Ödenburger Familien im Porträt: Die Józans

Die Verfasserin dieser Zeilen nimmt gerne an Tagungen teil, nicht nur, weil sie gerne ihr Wissen erweitert, sondern auch wegen der interessanten Pausengespräche. Der eine oder andere Gedankenaustausch kann ausgesprochen aufschlussreich sein. Bei einem Symposium in Ödenburg begegnete die erwähnte Verfasserin einem Bekannten, Dr. Tibor Józan. Sie wusste allerdings nicht, dass er deutsche Wurzeln hat und seine Vorfahren noch Jilling hießen. Das war Anlass genug, ihn um ein Gespräch zu bitten.

Die Jillings kamen nach der Türkenbelagerung Ungarns mit vielen anderen Arbeitssuchenden aus der hessischen Gegend in ein kleines ungarisches Dorf in der Tolnau, nach Jerking/Györköny. Das Wort „ungarisch“ bezeichnet in diesem Falle bloß die geografische Lage, denn das Dorf wurde nach der Neubesiedlung fast ausschließlich von Deutschen bewohnt. Auch noch im Jahre 1941 bekannten sich 90 Prozent der Dorfbevölkerung zum Deutschtum.

Tibor Józan

Tibors Großmutter väterlicherseits, Katharina Jilling, „Freicha“ (Frauchen) genannt, sprach auch mit den Enkelkindern nur deutsch. Ihr Mann starb während des Ersten Weltkrieges, so musste Katharina nach dem Tod ihres Erstgeborenen ihre drei Kinder, zwei Söhne und eine Tochter, alleine großziehen. Der jüngste Sohn, Johann, ist der Vater meines Gesprächspartners.

Die Großeltern mütterlicherseits hießen ebenfalls Jilling, obwohl die zwei Familien miteinander nicht verwandt waren.
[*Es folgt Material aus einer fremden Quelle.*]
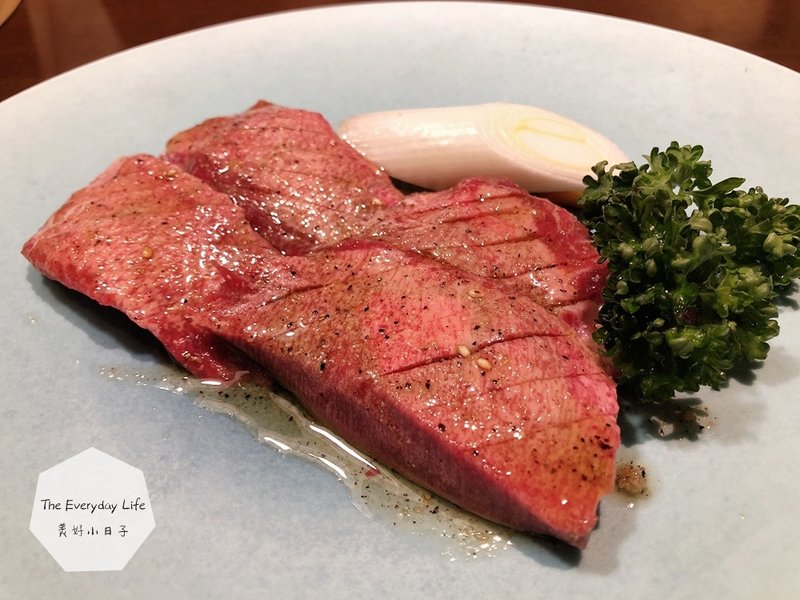 東京自由行_東京美食推薦_東京燒肉推薦_池袋美食推薦_池袋燒肉推薦_TORAJI燒肉_焼肉トラジ (33).jpg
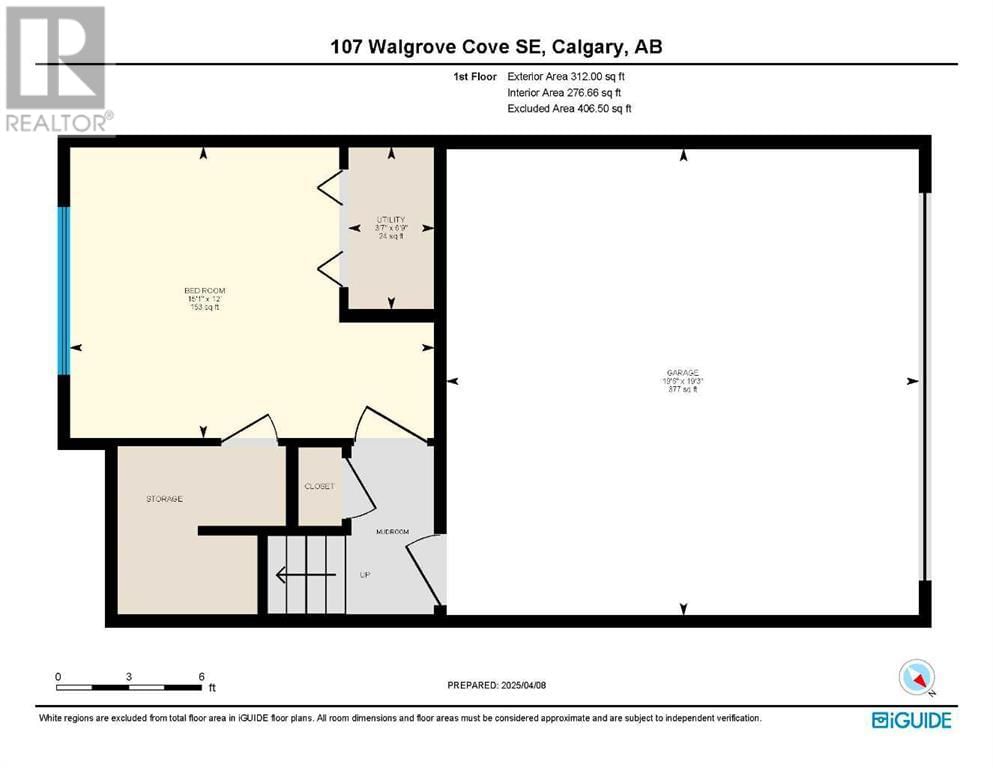 107 WALGROVE COVE SOUTHEAST Image 40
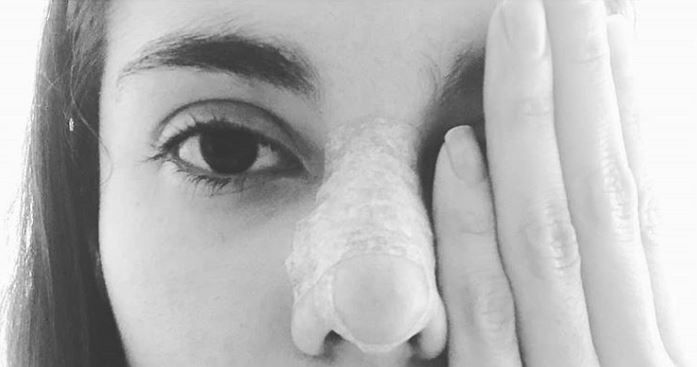 niunamas-rechazo-e-indignacion-por-golpiza-eileen-moreno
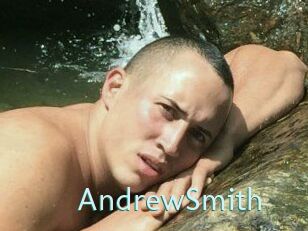 AndrewSmith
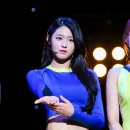 심쿵 이미지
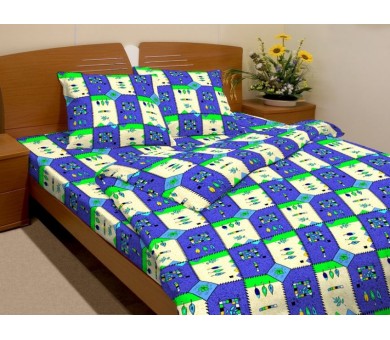 Конвертик 2267-2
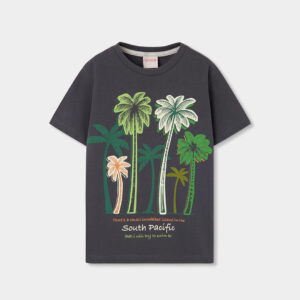 Boboli Μπλούζα  26BT513111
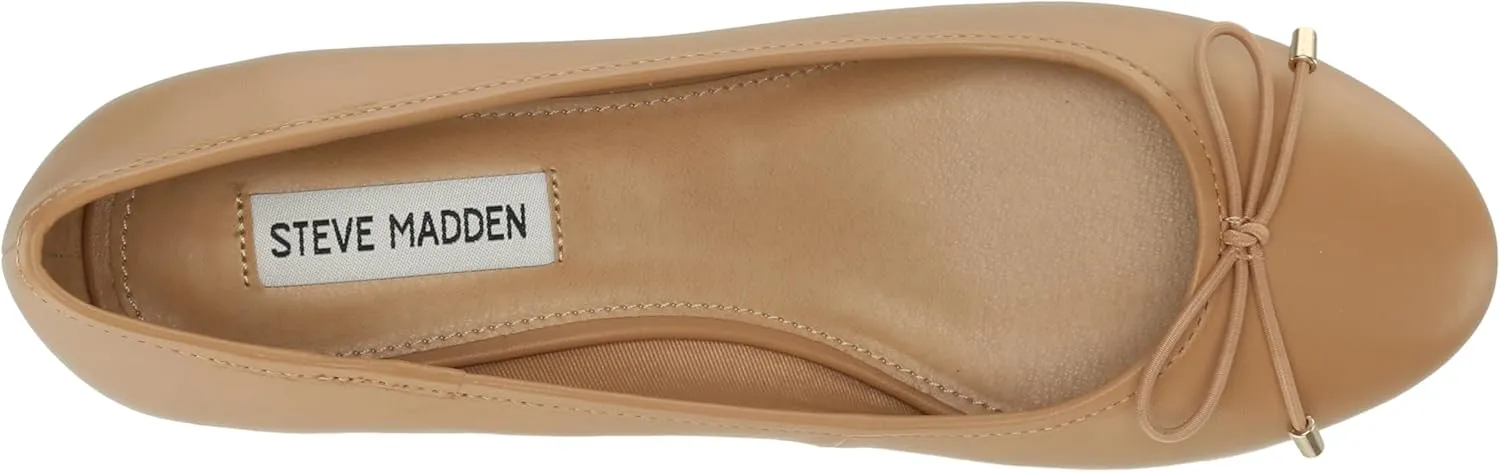 Steve Madden Women's Cherish Pump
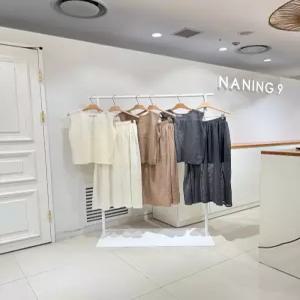 [스타필드코엑스점난닝구] 폴크미세트 [1126B2SB009]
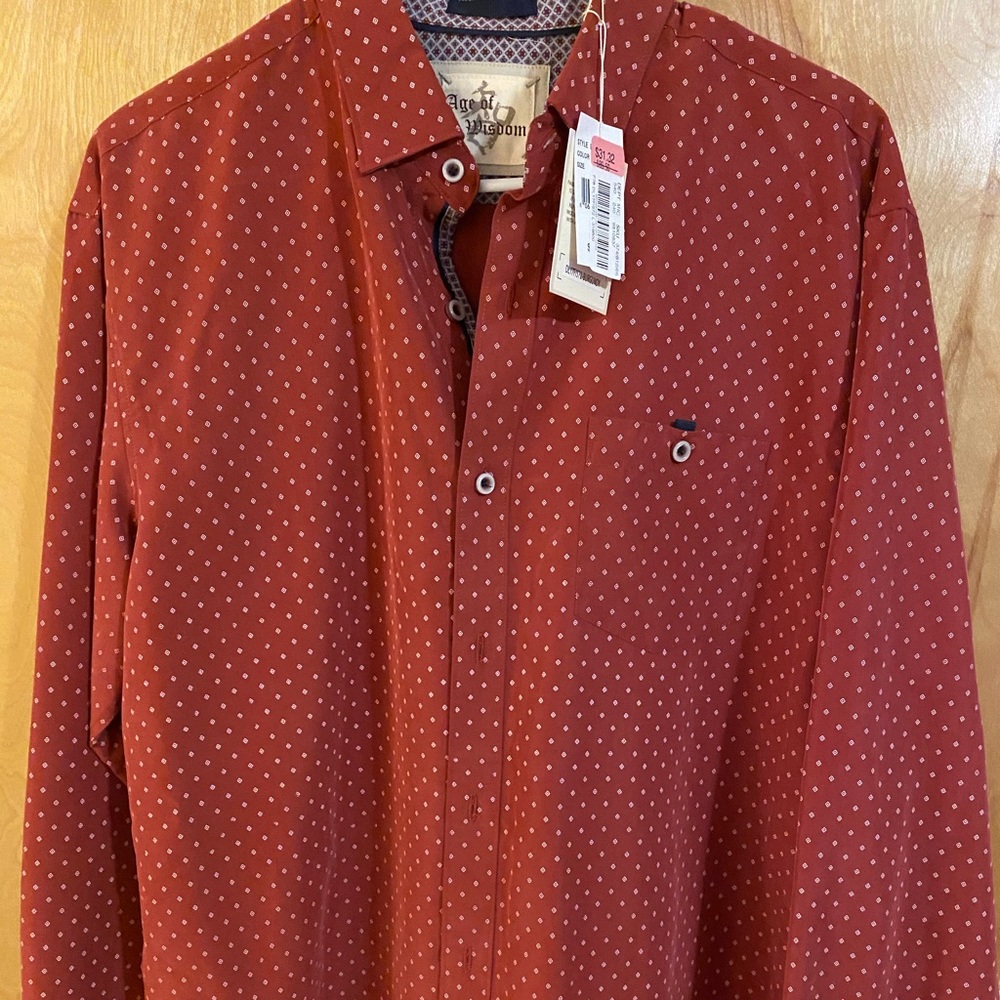 Shirt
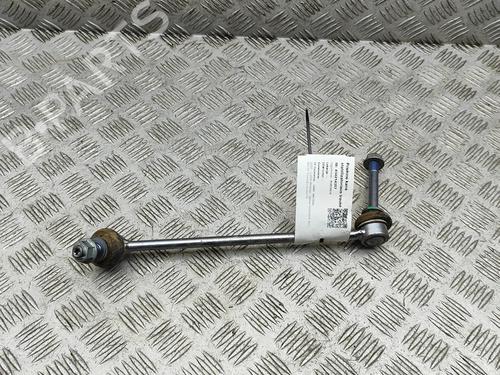 Autre BMW XM (G09) XM All-wheel Drive (653 hp) 32392379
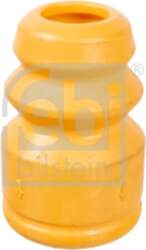 FEBI BILSTEIN Amortizatora aizsargs 28204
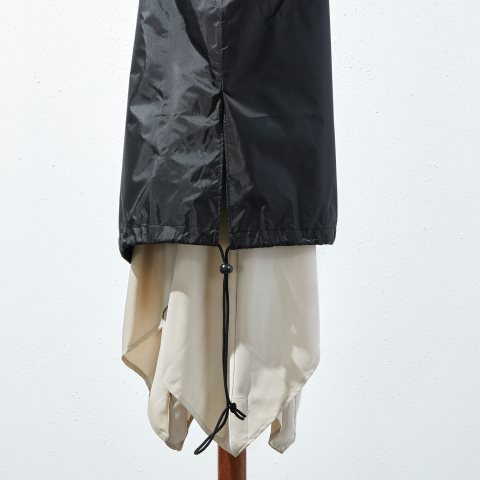 TOSTERO, parasol cover, 003.245.61 - IKEA Greece TOSTERO, parasol cover, 003.245.61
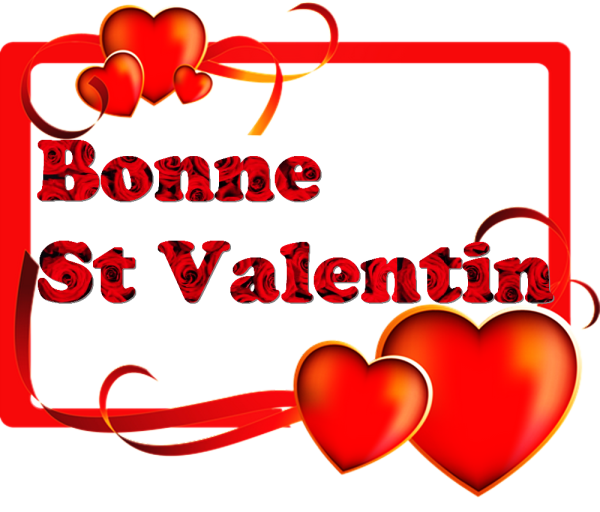 St Valentin 06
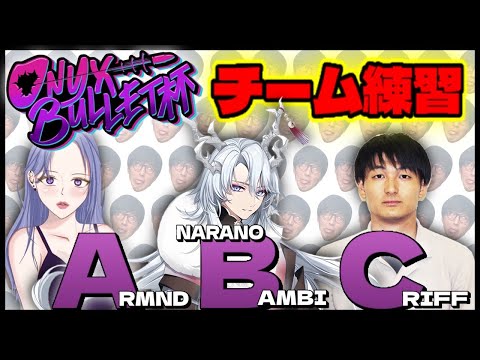 thumbnail_MjjFKHURu5o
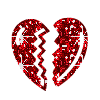 Corazones-188.gif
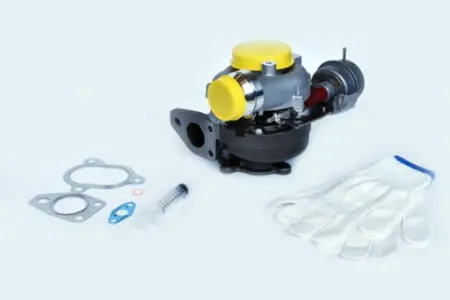 Turbosuflanta Dacia Duster/ Dacia Lodgy 1,5 DCI E5 110CP Ofertă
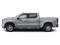 2025 Chevrolet Silverado 1500 Crew Cab Short Box 2-Wheel Drive LT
Der Ehe von Michael Jilling und seiner Gattin, Katharina Schall, entstammten ebenfalls drei Kinder, zwei Töchter und ein Sohn. Die älteste Tochter, Katharina Jilling, heiratete 1940 Johann Jilling. Ein Jahr darauf stellte sich Sohn Johann, 1946 Tibor, mein Gesprächspartner, und 1953 eine Nachzüglerin, Katalin, ein.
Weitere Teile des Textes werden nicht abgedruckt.